Lasciando da parte depilazioni e globuli bianchi, la necessità che spinge la ricerca non religiosa alla moltiplicazione degli elementi dove si radica? Solitamente è la realtà a suggerircela "occamisticamente": se troviamo un osso che, più lo studiamo e meno appartiene ad una razza animale conosciuta, dobbiamo aggiungere nuove ipotesi alle teorie e alle tassonomie attuali, sperando di poter capire meglio le caratteristiche del proprietario di tale insolito reperto.

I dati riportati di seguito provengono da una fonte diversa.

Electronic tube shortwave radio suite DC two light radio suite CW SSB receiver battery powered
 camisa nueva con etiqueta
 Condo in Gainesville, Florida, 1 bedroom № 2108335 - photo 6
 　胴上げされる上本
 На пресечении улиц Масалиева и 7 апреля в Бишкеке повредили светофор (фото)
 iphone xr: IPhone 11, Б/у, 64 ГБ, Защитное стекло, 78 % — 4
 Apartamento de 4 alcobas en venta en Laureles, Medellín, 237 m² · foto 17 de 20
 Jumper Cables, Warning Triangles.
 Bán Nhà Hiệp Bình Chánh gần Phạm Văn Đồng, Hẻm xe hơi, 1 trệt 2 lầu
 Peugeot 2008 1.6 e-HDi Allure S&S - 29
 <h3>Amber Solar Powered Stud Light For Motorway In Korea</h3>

Da notare che c'è anche un "occamismo religioso" che, tagliando via, per "obbligo divino", tutto ciò che non è compatibile con la sua divinità (o addirittura con il suo "piano del discorso", come quando nega l'esistenza di "piani atei"), interpreta preventivamente ogni elemento possibile come firma di una divinità: come ai tempi in cui il tuono suscitava stupore ed aveva "inevitabilmente" natura "divina", così anche oggi si potrebbe dire (e forse è già stato detto) che il big bang, se accaduto, ha avuto altrettanto "inevitabile" causa "divina" (perché esporsi al rischio di aggiungere nuovi elementi da tagliare? Per quanto ogni religione risulti oggi, a mio giudizio, sempre un po' "pelosa": più taglia via da una parte i peli dello scetticismo, della logica e della scienza, più questi ricrescono dall'altra; per quanto, come dice il "proverbio antishaming", donna baffuta...). Come detto in precedenza, la vera forza della religione è la fede, il poter "fare spallucce" di fronte a scienza e logica dicendo «ho fede in questo, non mi servono né ragionamenti né dimostrazioni»; una religione che cerca invece di porsi come filosofia o come dialogante con la scienza, al netto di "concessioni" demagogiche e diplomatiche, sega, anzi "rasoia", il ramo su cui è seduta (anche se in fondo lo fa per gioco: sa già che, comunque vada, cadrà sul morbido cuscino della fede).